Data for this exercise below:

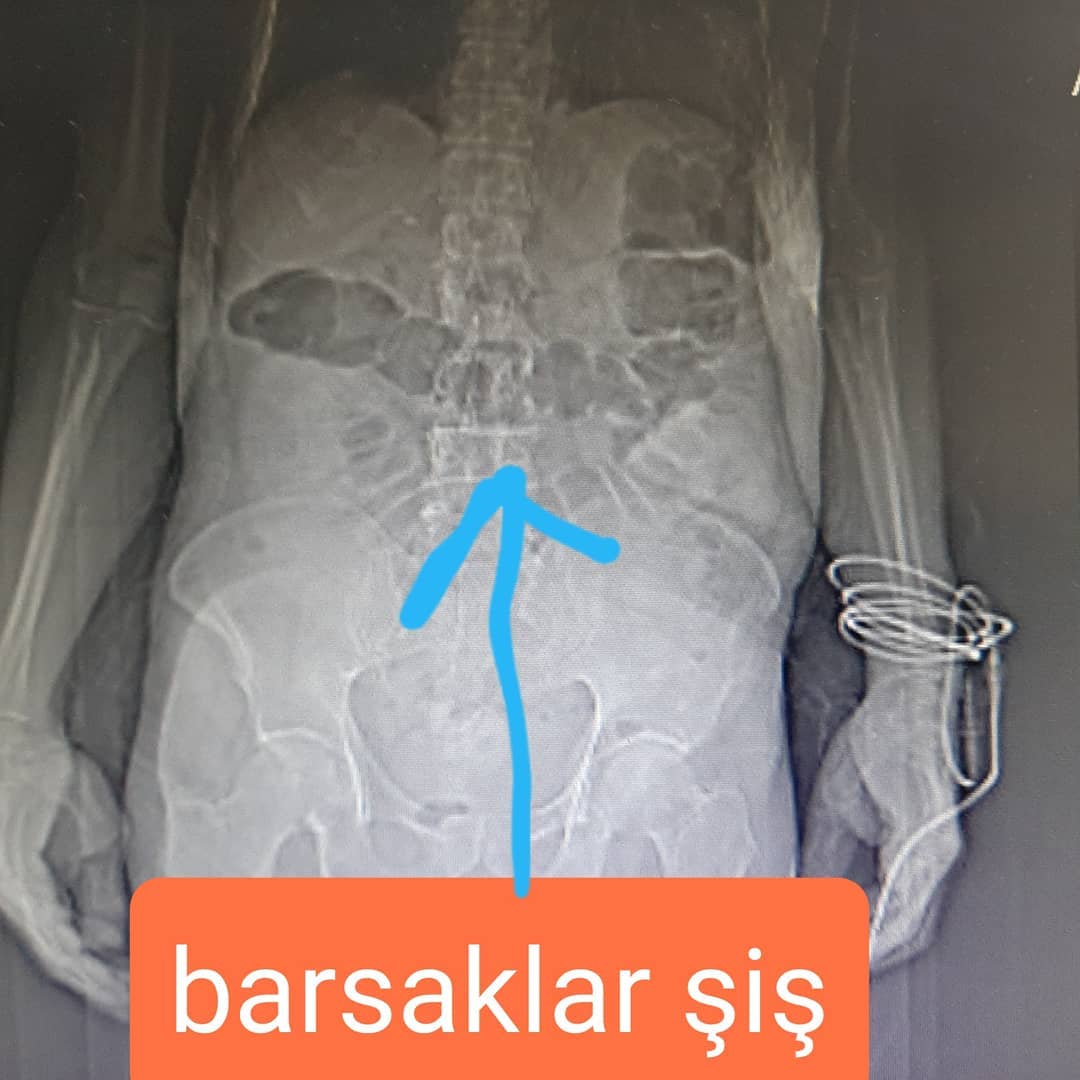 storage.php?o=bx_posts_photos&f=tsbw2di6ws3cfk4jhgmxqvpvijqlf8zh.jpg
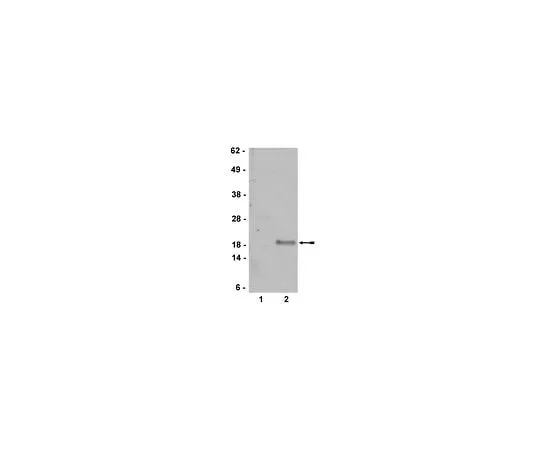 62-8385-62 Anti-p19 ARF; 200 μL 07-543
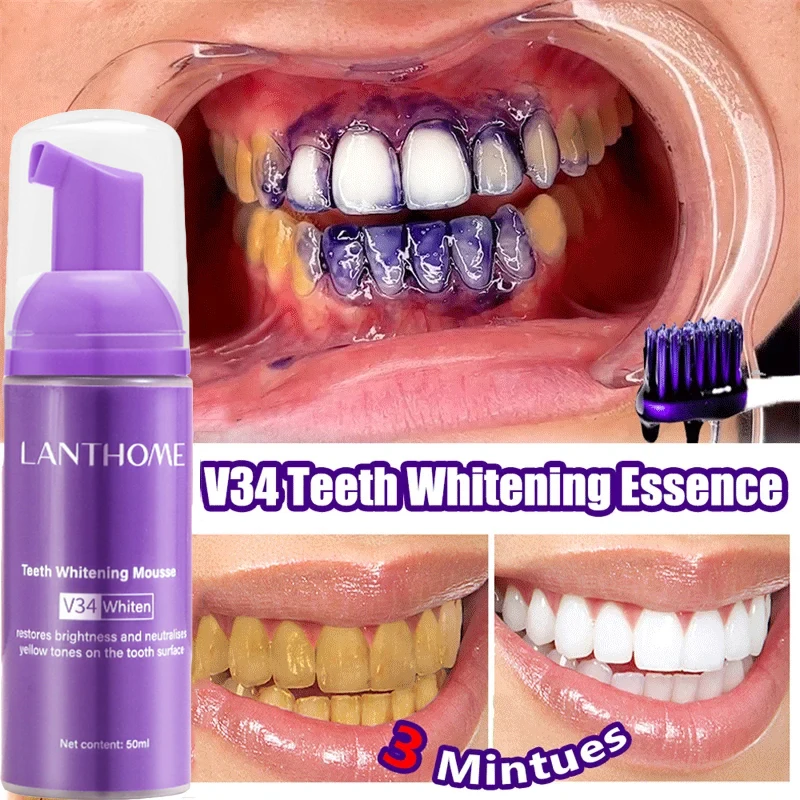 V34 Teeth Whitening Mousse Too – обзор и цена Teeth Whitening Mousse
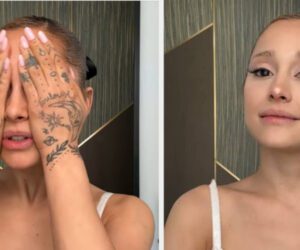 Ariana Grande admits she had a ‘ton of lip filler and botox’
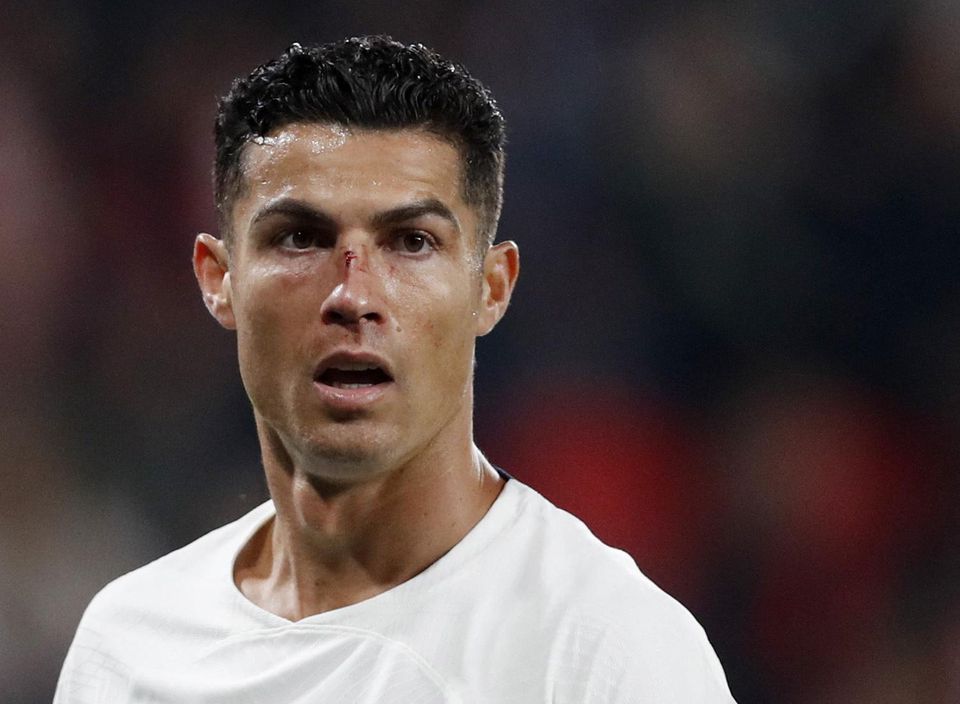 Cristiano Ronaldo so zraneným nosom
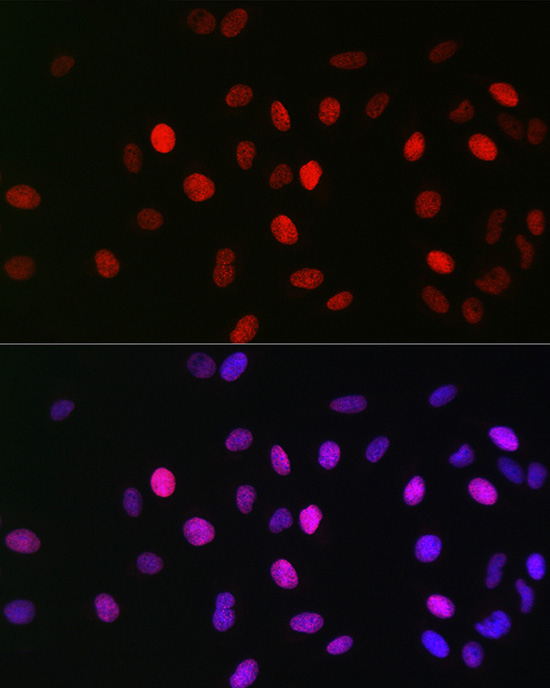 H3K23ac Antibody in Immunocytochemistry (ICC/IF)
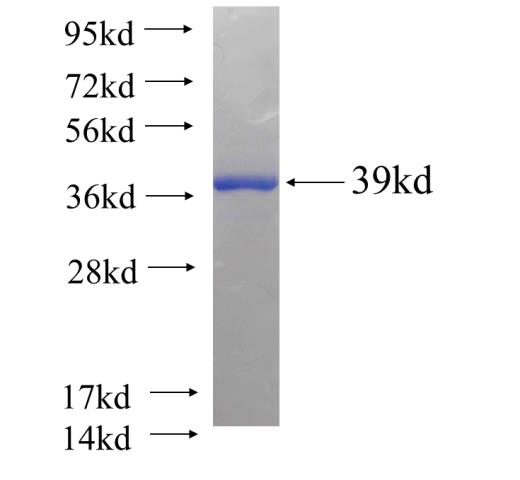 Recombinant human GLOD4(Full length) SDS-PAGE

End of Data for this exercise.

What you have to do: Nothing but the lines from the one containing "H3K23ac Antibody in" through the final line of the entries above should be given again, each exactly as written; omit the pictures.

Response to this task:
 H3K23ac Antibody in Immunocytochemistry (ICC/IF)
 Recombinant human GLOD4(Full length) SDS-PAGE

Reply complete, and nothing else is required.